Judit Varga kennt Brüssel und die Macht-Arithmetik der EU von innen: Sie hat neun Jahre lang für verschiedene Fidesz-Europaabgeordnete gearbeitet, bis sie im Juni 2008 zur Staatssekretärin für EU-Beziehungen berufen wurde. Seit Juli ist die Juristin ungarische Justizministerin, ihr Haus verantwortet seither auch die EU-Politik ihres Landes.
WELT: Wo erwarten Sie Meinungsverschiedenheiten mit der neuen EU-Kommission?
Varga: Ich bin nicht naiv, und die Debatte gehört zum Wesen europäischer Demokratie. Aber immerhin haben wir einen besseren Ausgangspunkt, wo Europa nicht eingeteilt wird in gute und böse Staaten. Unter Jean-Claude Juncker wurde viel Vertrauen zerstört. Jetzt geht es um den Wiederaufbau von Vertrauen auf der Grundlage von Respekt. Dafür steht Ursula von der Leyen.
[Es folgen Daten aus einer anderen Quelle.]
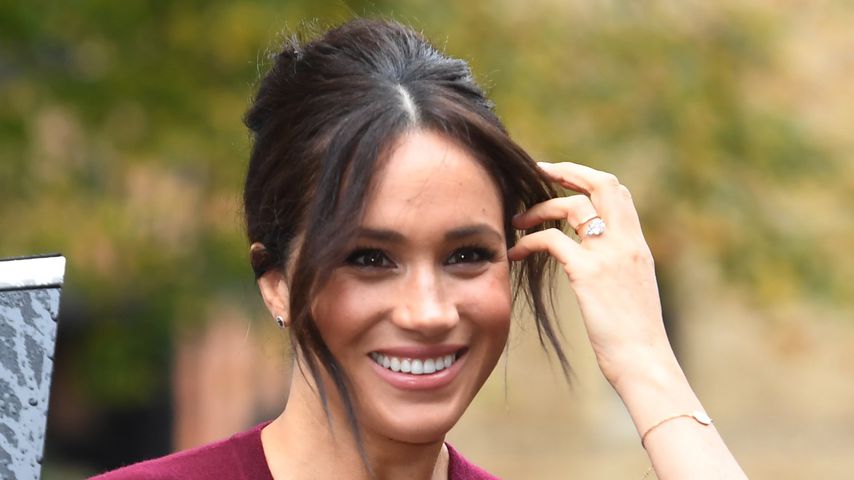 Herzogin Meghan im Oktober 2019
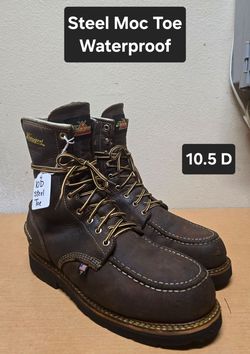 Thorogood work boots sz10.5D STEEL TOE
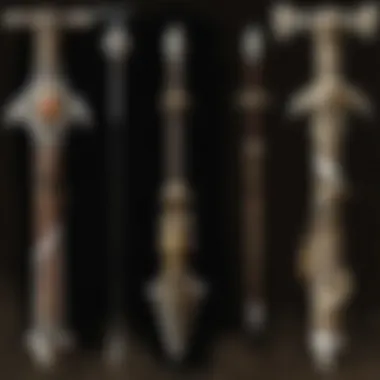 Rune Combinations for Effective Polearm Runewords Chart detailing rune combinations for polearm runewords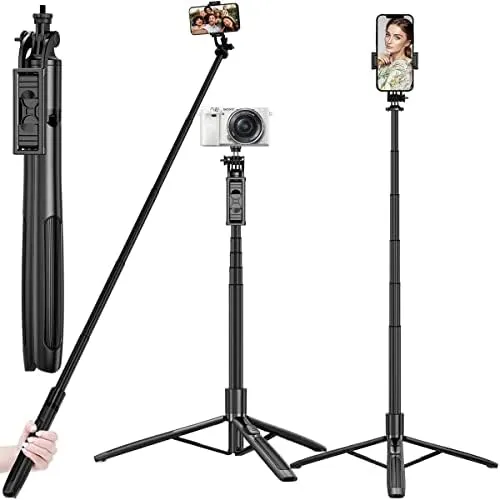 Image of Wheelz & Mountz Long Selfie Stick Tripod * 156cm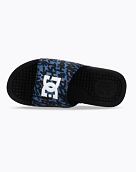 Pánské pantofle DC Shoes Bolsa, Black / DC Print
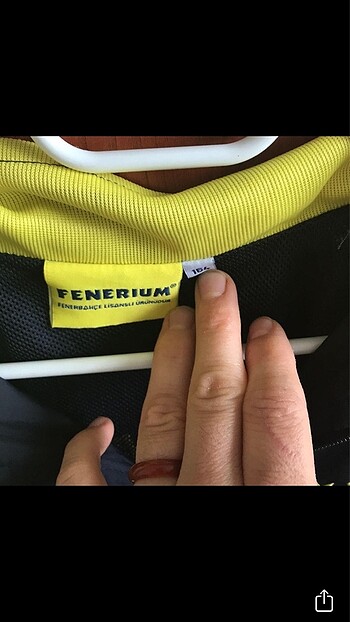 Fenerium Fenerbahçe eşofman üstü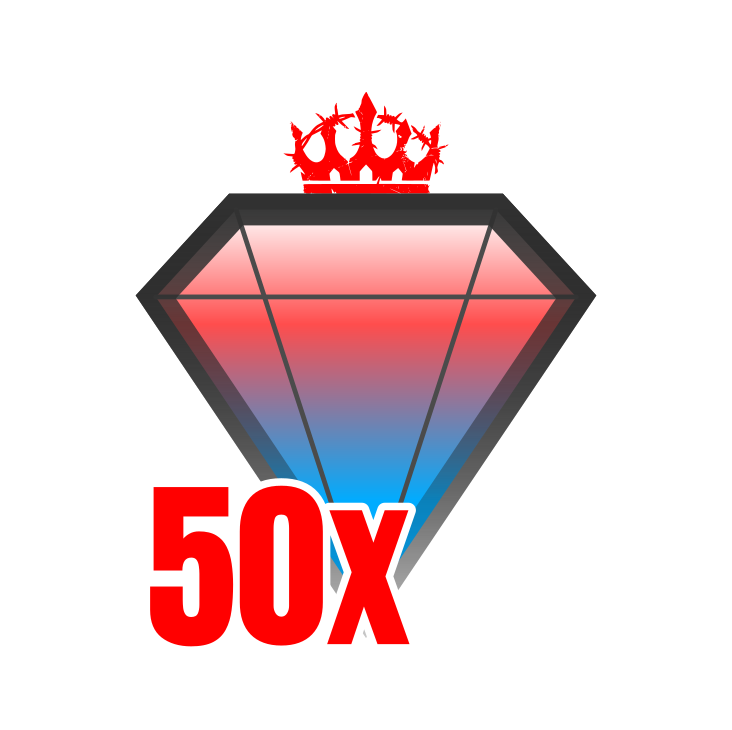 50x DIAMANTES VIP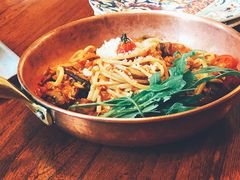 牛肉辣油意面-I HOLIC艾豪丽披萨(KKone店)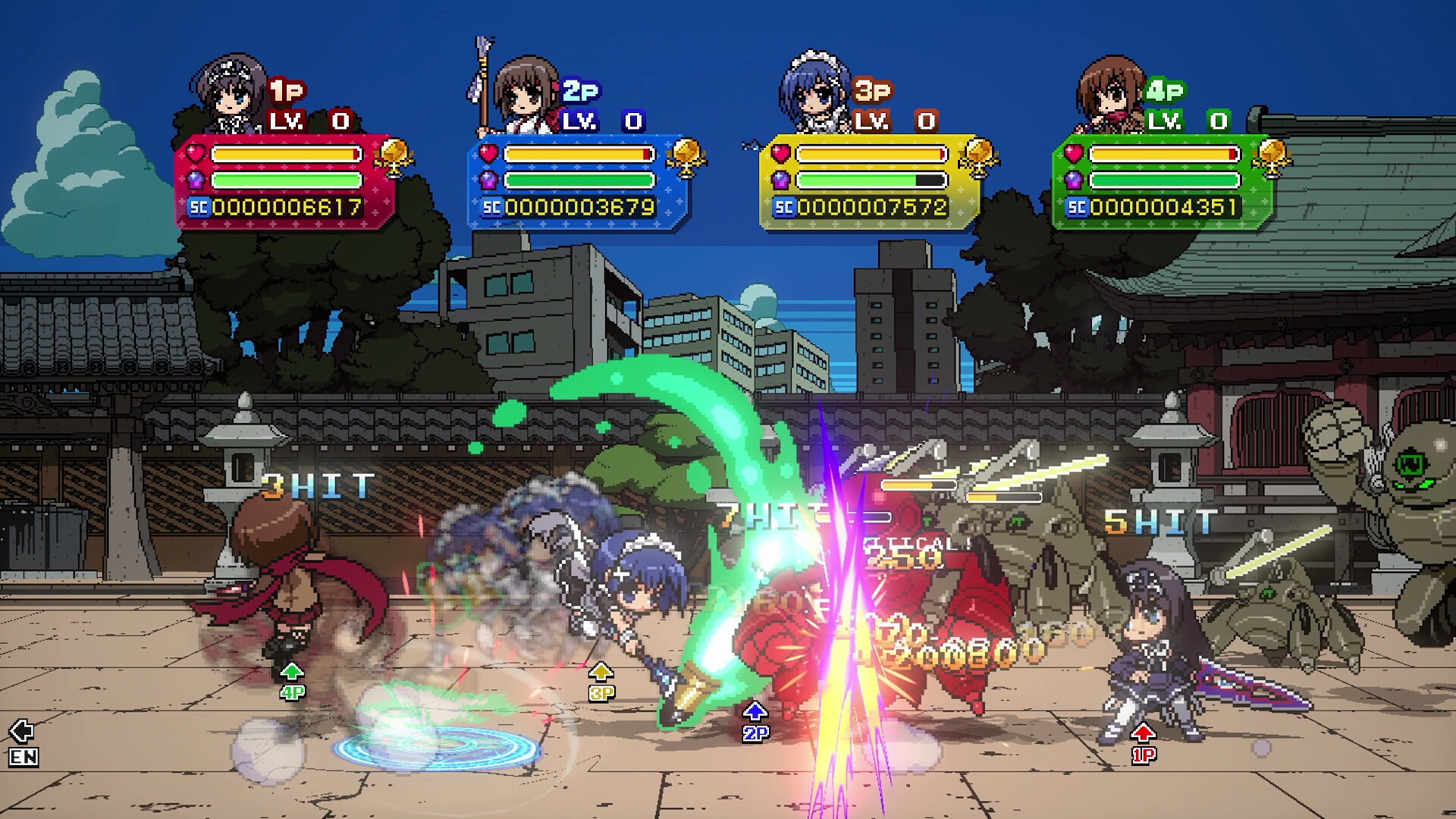Phantom Breaker: Battle Grounds Ultimate PC Steam CD Key screenshot 5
WELT: Zu einem vertrauensvollen Umgang gehört auch, dass die EU-Mitglieder solidarisch miteinander sind. Übernimmt Ungarn in Europa genügend Verantwortung, etwa in der Migrationskrise?
Varga: Migration ist eine Herausforderung, die uns viele Jahrzehnte beschäftigen wird. Es ist nicht gut, wenn in Brüssel von oben herab kurzfristige Lösungen diktiert werden – etwa eine Quotenregelung für die Aufnahme von Flüchtlingen. Quoten sind eine Einladung an Menschenhändler.